Ashdown Forest was actually established by the Normans very soon after the conquest. It's only a few miles from Battle, where the actual Battle of Hastings was fought in 1066. There are a lot of prehistoric sites there and also the Romans had some iron works there.
Today, it's still a very large protected area for walkers, horse-back riding etc. It's also a Special Protection Area for birds. And it's a designated Area of Special Beauty, or some such.
It's on The Weald, which is the area between the chalk escarpments forming the South Downs and the North Downs. The name 'The Weald' is from the old English word for woodland, 'wold' in Anglo-Saxon (as in Cotswolds). The whole area was once filled with royal hunting preserves - mostly on the higher ground.

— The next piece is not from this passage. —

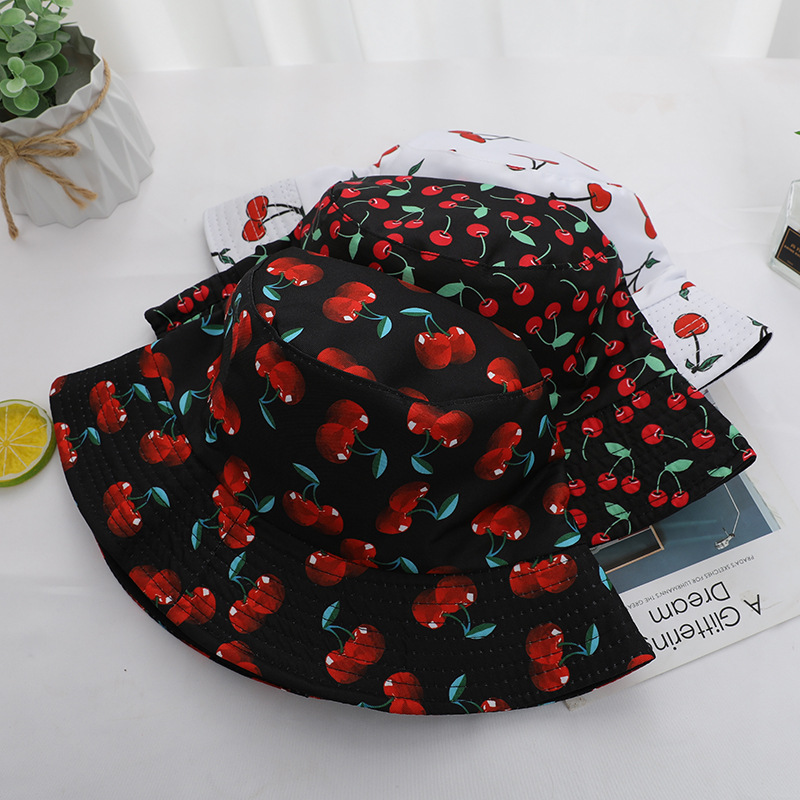 Women's Pastoral Simple Style Cherry Printing Wide Eaves Bucket Hat display picture 3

One of the villages we passed through, Chelwood Gate, interested me. Chelwood is Old English for 'Hill Wood,' which makes sense since it was on the edge of the hilly Ashdown Forest. The 'Gate' of course, refers to the gate for horsemen to pass through the pales of Ashdown Forest 500 years ago. En Route, we passed something called Chelwood Vachery. Now a remarkable garden created in the 1920's, but it's named after a medieval manor on the same spot. What interested me was the word 'Vachery'and I'm assuming that it was from the Norman word for 'cow' which has become the word 'vache' in modern French, and that the manor had pastures for grazing cows.
England is so amazing this way - only 10% or so is inhabited so the population is very dense in some areas, but there are still huge empty tracts of land with ancient public rights of way criss-crossing them and so many names referring back to ancient words and usages that are now forgotten.